Vance's Seven Layer Dip

*Base ingredients:*
250g (Small brick) UltraLite Cream Cheeze (Phili)
250g (Small container) UltraLite Sour Cream
Use left-over container from SourCream and fill with UltraLight MiracleWhip Dressing

*Directions for base:*
Place base ingredients into container that will become the serving container and use hand-blender to mix everything up very (VERY) well. Use rubber-spatula to level-off base ingredients and to scrape-off edge of container.

*First layer:*

2 small jars of Hot or MediumHot Salsa or use one large jar of Hot or MediumHot Salsa. Use enough salsa that you cannot easily see the white-base below the salsa. Use metal TableSpoon to level-out the salsa evenly.

_*Second layer:*_

1 package of TexMex 3-cheeze mix - spread evenly over the salsa

*Final layers:*

1 Green BellPepper diced and spread out over salsa
1 Yellow BellPepper diced and spread out over salsa
1 Red BellPepper diced and spread out over salsa
3 to 5 green-onions sliced and spread out over BellPeppers - slice into the white-base of the onion but do not serve the "hair" of the onion with the dip-mix.

Cover and place in fridge (or outside on a snow-covered deck) to chill / set for approx. 2 hours prior to serving. (You can serve right away if you wish).

Serve with bowl of "Old Dutch" MiniRound Tortilla chips on the side.

Approx. preparations time is 1/2hr (includes time for blending base to washing peppers and onion prior to slicing and dicing).

:bullit: *Note:*_ I have found that if the whole container is not finished off in the first night (rare!), it can stay good for upto three days if covered and kept in the fridge or outside in a cooler on the deck in the winter snows._

:bullit: *Final SideNote:* There are many variations of my recipe, some calling for shrimp or Jalapeño or a wide variety of other stuff. I have found my mix to be very well-recieved hundreds of times and have rarely brought home leftovers.
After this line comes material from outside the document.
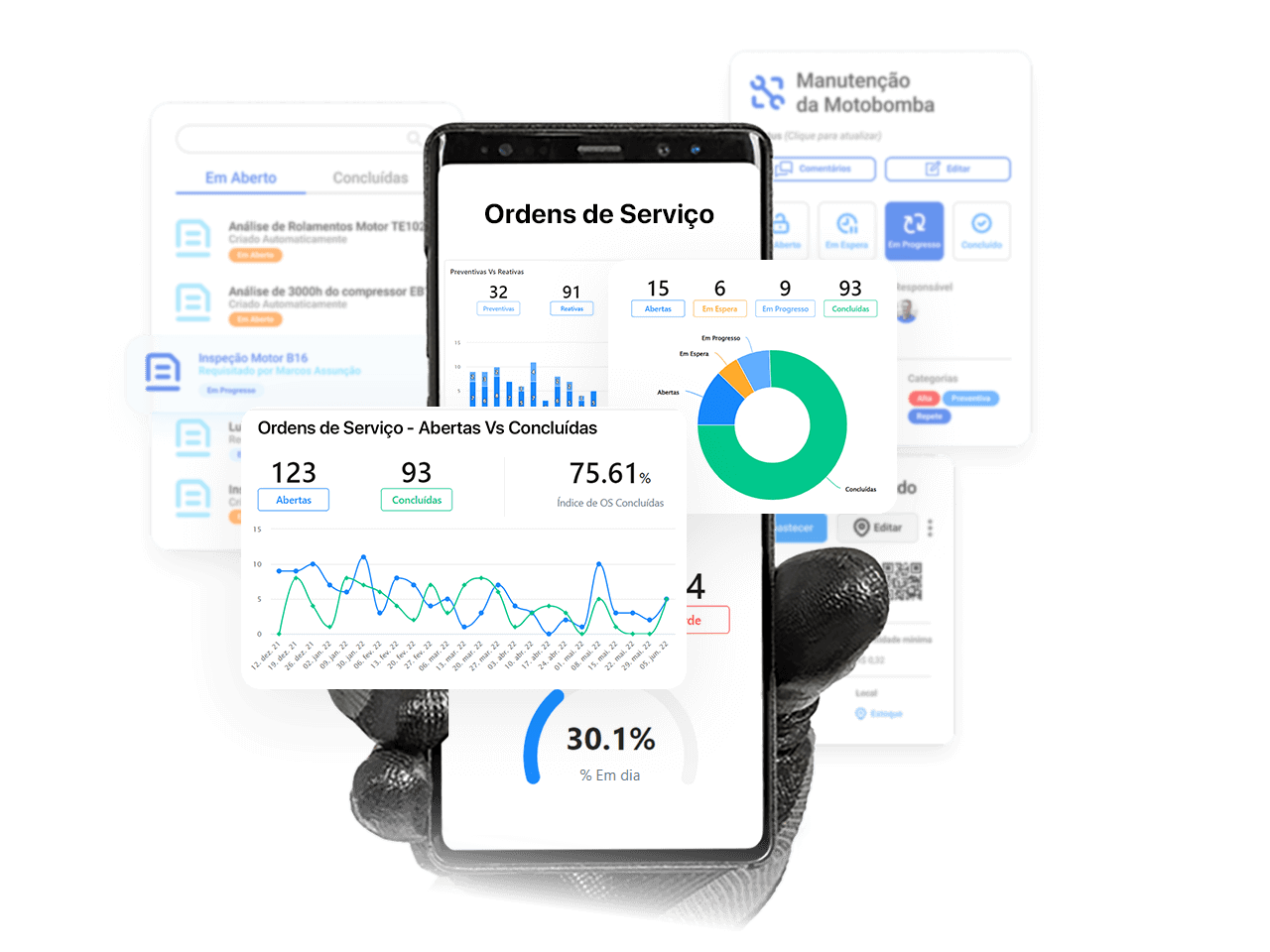 gestao-de-ativos-sem-planilhas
An alternative to using Tortilla chips is to use VegiThins and for the meat-eaters who cannot stomach the thought of eating something without meat, place a dish with smoked ham near the chips for them to make a ham / chip / dip sandwich


----------



## *Andi (Nov 8, 2009)

Sorry NaeKid ... I like peppers but they don't like me ...:gaah:

Sounds like a great recipe ... till you come to the peppers ( no matter the color )

... thanks for posting!


----------



## GroovyMike (Feb 25, 2010)

Yum..........!


----------